Flavius Valerius Constantius (c. 285-337), Constantine the Great, was the son of Emperor Constantius I and his concubine, Helena. When his father died in July 306, Constantine became emperor of Britain, Gaul (now France), and Spain. Gradually he gained control of the entire Roman empire.

Constantine I invaded Italy in 312. Constantine claimed that he had a dream in which he saw the Chi-Rho symbol (a monogram composed of the first two Greek letters for the word Christ, X and P) and the words, "By this sign you will conquer." The holy monogram was painted on the shields of his soldiers. Constantine's action had an "...unfortunate and abiding effect; for the first time Christ became a god of battles."

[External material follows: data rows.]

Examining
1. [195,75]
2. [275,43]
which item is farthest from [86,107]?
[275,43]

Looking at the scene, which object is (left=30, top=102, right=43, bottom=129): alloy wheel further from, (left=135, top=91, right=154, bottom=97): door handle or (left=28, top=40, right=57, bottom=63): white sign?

Just outside of Rome, Constantine won the Battle of Milvian (Mulvian) Bridge against Maxentius. He was made senior Augustus by the Roman senate, which welcomed him. In 313, Constantine and Licinius, who married Constantine's sister Constantia, agreed to end the persecution of Christians and issued the Edict of Milan. Constantine was ruler of the West; Licinius became ruler of the East after defeating Maximim.

Trouble arose between the two rulers. Licinius, a pagan who never was a Christian, began to restrict the public life of the Eastern churches. As a "champion of Christian faith," Constantine invaded Licinius' territories in 323 and forced Licinius to abdicate in 324. Licinius was executed. "Constantine became sole ruler of the empire, and the churches awoke to find that the cause of Rome and the cause of Christ had become one."

Constantine was involved in ecclesiastical politics, including the Donatist and Arian controversies. He convened and presided over the first "ecumenical" council at Nicea in 325 to respond to the teachings of Arius. The bishops (clergy), most of whom had been persecuted for their Christianity and all but six of them from the East, created a foundation for orthodoxy by establishing the anti-Arian Nicene Creed, (to which minor changes were made by the Council of Constantinople in 381).

Constantine was baptized by Eusebius of Nicomedia in 337, just before he died. (Deathbed baptisms were common at the time.) During his life he had brought Christianity from the position of being a persecuted minority to the dominant power in religious life in the Roman Empire.